-------- DATASET CONTENT --------
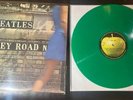 Beatles Abbey Road Green HTF GREEN VINYL original 1969 UK pressing.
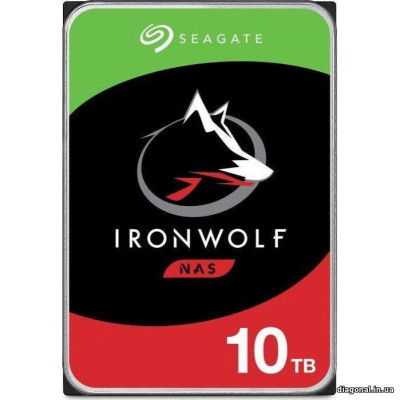 Жорсткий диск Seagate IronWolf Pro 10 TB (ST10000NE0008)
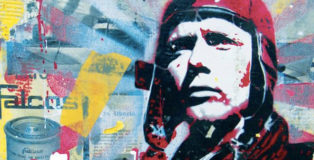 Segmenti Urbani - Collettiva di street art, Bussana Vecchia, 2017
--------
Would you return the material above exactly, apart from its pictures?

__ANSWER AREA__.
 Beatles Abbey Road Green HTF GREEN VINYL original 1969 UK pressing.
 Жорсткий диск Seagate IronWolf Pro 10 TB (ST10000NE0008)
 Segmenti Urbani - Collettiva di street art, Bussana Vecchia, 2017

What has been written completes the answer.